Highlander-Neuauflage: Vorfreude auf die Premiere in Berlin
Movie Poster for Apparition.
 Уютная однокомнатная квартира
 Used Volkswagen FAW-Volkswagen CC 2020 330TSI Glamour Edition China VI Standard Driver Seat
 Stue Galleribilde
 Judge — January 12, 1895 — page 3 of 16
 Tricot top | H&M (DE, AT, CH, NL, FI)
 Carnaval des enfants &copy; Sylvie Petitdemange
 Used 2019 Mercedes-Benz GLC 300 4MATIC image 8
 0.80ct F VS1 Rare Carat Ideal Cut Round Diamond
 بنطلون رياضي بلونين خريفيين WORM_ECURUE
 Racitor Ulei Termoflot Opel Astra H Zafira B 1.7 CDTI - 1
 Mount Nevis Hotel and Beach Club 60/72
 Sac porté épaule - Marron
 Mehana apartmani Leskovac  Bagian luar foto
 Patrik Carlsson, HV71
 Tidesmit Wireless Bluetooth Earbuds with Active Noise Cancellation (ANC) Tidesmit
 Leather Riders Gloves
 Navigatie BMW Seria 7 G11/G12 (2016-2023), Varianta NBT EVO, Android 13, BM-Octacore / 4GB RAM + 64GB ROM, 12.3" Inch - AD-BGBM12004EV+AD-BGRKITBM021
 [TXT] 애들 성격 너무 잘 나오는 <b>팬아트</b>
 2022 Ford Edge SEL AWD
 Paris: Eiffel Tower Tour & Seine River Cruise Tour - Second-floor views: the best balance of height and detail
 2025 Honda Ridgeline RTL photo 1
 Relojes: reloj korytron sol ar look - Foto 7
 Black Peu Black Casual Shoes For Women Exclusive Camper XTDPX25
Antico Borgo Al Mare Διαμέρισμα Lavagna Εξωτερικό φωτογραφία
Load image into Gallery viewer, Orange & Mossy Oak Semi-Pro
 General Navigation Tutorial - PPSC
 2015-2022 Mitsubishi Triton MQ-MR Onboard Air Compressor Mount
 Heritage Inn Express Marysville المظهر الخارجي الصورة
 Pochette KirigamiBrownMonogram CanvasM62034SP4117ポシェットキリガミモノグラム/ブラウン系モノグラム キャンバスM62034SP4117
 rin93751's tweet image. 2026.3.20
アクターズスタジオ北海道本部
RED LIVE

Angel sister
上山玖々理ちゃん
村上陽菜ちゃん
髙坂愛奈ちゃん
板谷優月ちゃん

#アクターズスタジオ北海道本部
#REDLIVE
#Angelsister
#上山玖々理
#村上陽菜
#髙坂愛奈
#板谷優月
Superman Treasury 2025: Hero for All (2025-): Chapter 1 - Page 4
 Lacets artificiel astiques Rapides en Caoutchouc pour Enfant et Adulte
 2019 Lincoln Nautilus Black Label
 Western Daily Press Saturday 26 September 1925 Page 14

|---|

Task objective
Take the entries above and copy them out exactly.

Expected output
Highlander-Neuauflage: Vorfreude auf die Premiere in Berlin
Movie Poster for Apparition.
 Уютная однокомнатная квартира
 Used Volkswagen FAW-Volkswagen CC 2020 330TSI Glamour Edition China VI Standard Driver Seat
 Stue Galleribilde
 Judge — January 12, 1895 — page 3 of 16
 Tricot top | H&M (DE, AT, CH, NL, FI)
 Carnaval des enfants &copy; Sylvie Petitdemange
 Used 2019 Mercedes-Benz GLC 300 4MATIC image 8
 0.80ct F VS1 Rare Carat Ideal Cut Round Diamond
 بنطلون رياضي بلونين خريفيين WORM_ECURUE
 Racitor Ulei Termoflot Opel Astra H Zafira B 1.7 CDTI - 1
 Mount Nevis Hotel and Beach Club 60/72
 Sac porté épaule - Marron
 Mehana apartmani Leskovac  Bagian luar foto
 Patrik Carlsson, HV71
 Tidesmit Wireless Bluetooth Earbuds with Active Noise Cancellation (ANC) Tidesmit
 Leather Riders Gloves
 Navigatie BMW Seria 7 G11/G12 (2016-2023), Varianta NBT EVO, Android 13, BM-Octacore / 4GB RAM + 64GB ROM, 12.3" Inch - AD-BGBM12004EV+AD-BGRKITBM021
 [TXT] 애들 성격 너무 잘 나오는 <b>팬아트</b>
 2022 Ford Edge SEL AWD
 Paris: Eiffel Tower Tour & Seine River Cruise Tour - Second-floor views: the best balance of height and detail
 2025 Honda Ridgeline RTL photo 1
 Relojes: reloj korytron sol ar look - Foto 7
 Black Peu Black Casual Shoes For Women Exclusive Camper XTDPX25
Antico Borgo Al Mare Διαμέρισμα Lavagna Εξωτερικό φωτογραφία
Load image into Gallery viewer, Orange & Mossy Oak Semi-Pro
 General Navigation Tutorial - PPSC
 2015-2022 Mitsubishi Triton MQ-MR Onboard Air Compressor Mount
 Heritage Inn Express Marysville المظهر الخارجي الصورة
 Pochette KirigamiBrownMonogram CanvasM62034SP4117ポシェットキリガミモノグラム/ブラウン系モノグラム キャンバスM62034SP4117
 rin93751's tweet image. 2026.3.20
アクターズスタジオ北海道本部
RED LIVE

Angel sister
上山玖々理ちゃん
村上陽菜ちゃん
髙坂愛奈ちゃん
板谷優月ちゃん

#アクターズスタジオ北海道本部
#REDLIVE
#Angelsister
#上山玖々理
#村上陽菜
#髙坂愛奈
#板谷優月
Superman Treasury 2025: Hero for All (2025-): Chapter 1 - Page 4
 Lacets artificiel astiques Rapides en Caoutchouc pour Enfant et Adulte
 2019 Lincoln Nautilus Black Label
 Western Daily Press Saturday 26 September 1925 Page 14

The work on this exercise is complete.